There's a strong tradition among pastry chefs and home cooks alike to make custards and other creamy desserts that are meant to showcase the wonderful flavor of eggs, rather than just including them for richness and/or leavening. That's certainly the rationale behind flan and creme brulee and also the filling for this pastry. Ground cinnamon is the usual spice, as here, and another favorite feature flavor. Filo dough makes an easy, exceptionally flaky crust.
- 4 egg yolks
- 225 grams sugar
- 1 cup milk
- 1 package filo dough
- 1. For the sweet egg cream: While heating the milk in a small pan, beat the egg yolks together with the sugar until thoroughly combined. Once the milk comes to a boil, add the egg mixture and lower the heat. Stir until the cream begins to thicken. After the cream has thickened, place in a container to cool down.

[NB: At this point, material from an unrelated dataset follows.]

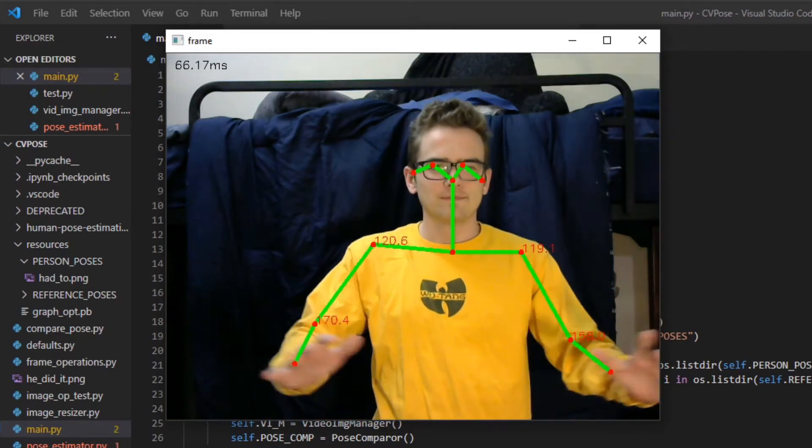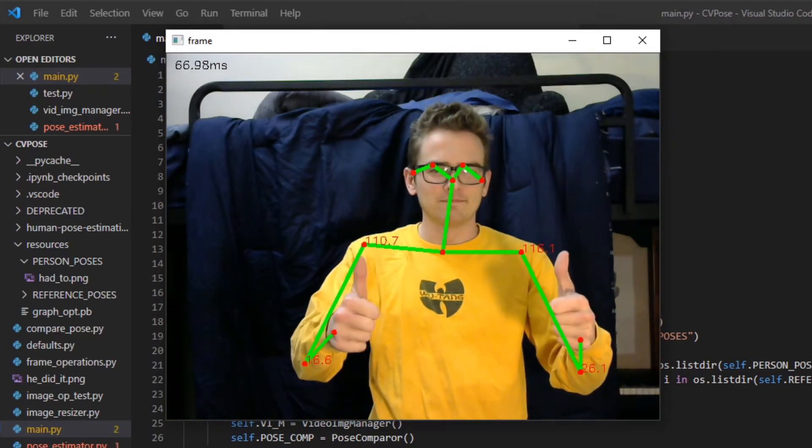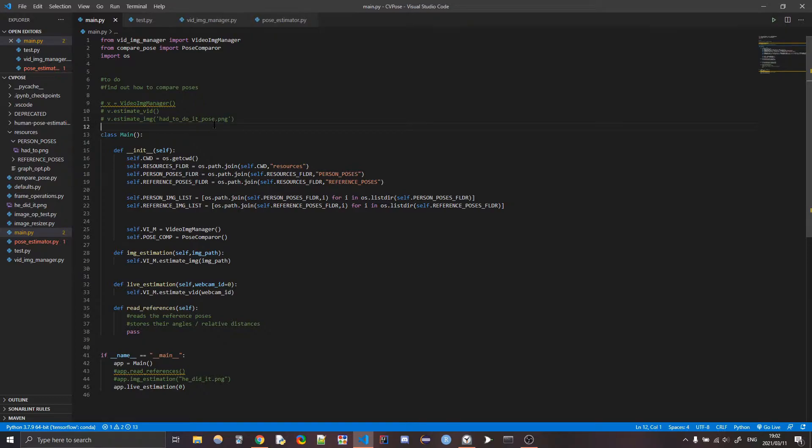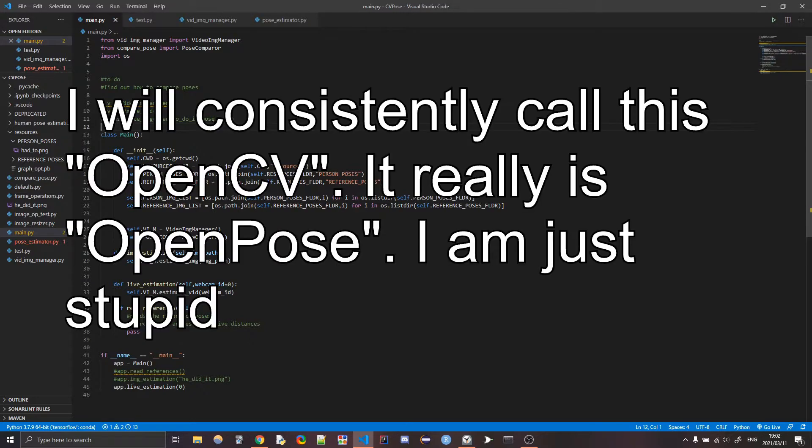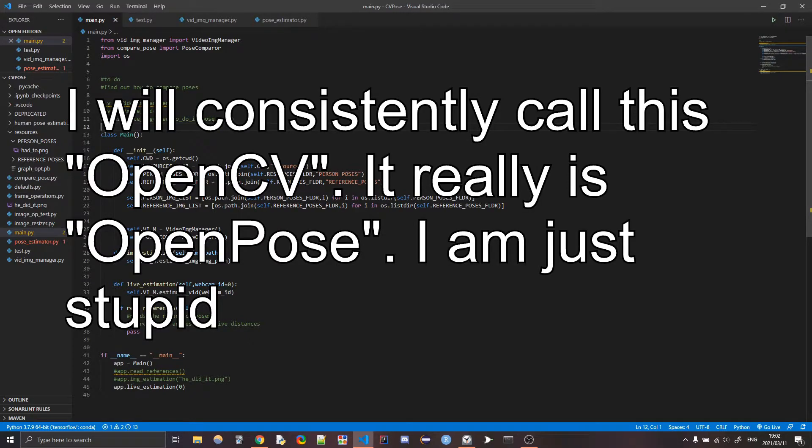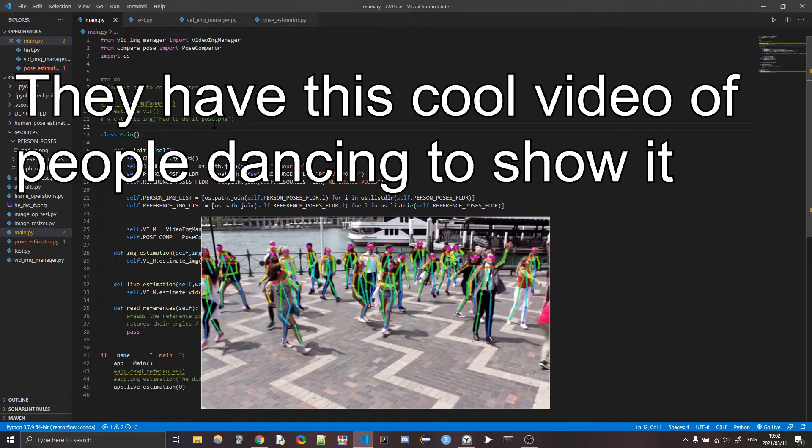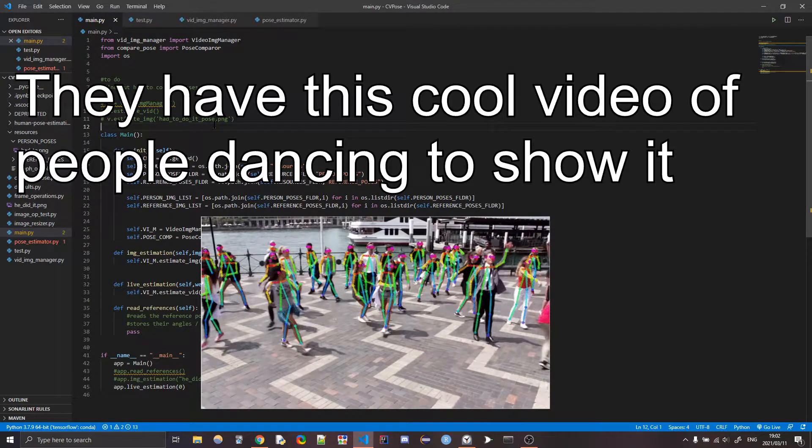So basically, what is the whole point of this? Well, the whole point is that there's this thing called OpenCV. I think it was developed by Carnegie Mellon, not surprising. And what it does is it lets you find body poses. It lets your computer basically be able to figure out how are you posing. And so that's pretty cool.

- 2. Carefully separate the sheets of Filo dough. Cut each sheet in half. In the center of each, sheet place two tablespoons of the egg cream and sprinkle with cinnamon. Place on a baking sheet lined with a silicone mat or parchment paper. Bake in a preheated oven for about 20 minutes or until the dough is golden brown.
- 3. Remove from the oven and allow to cool completely. Sprinkle with confectioners sugar.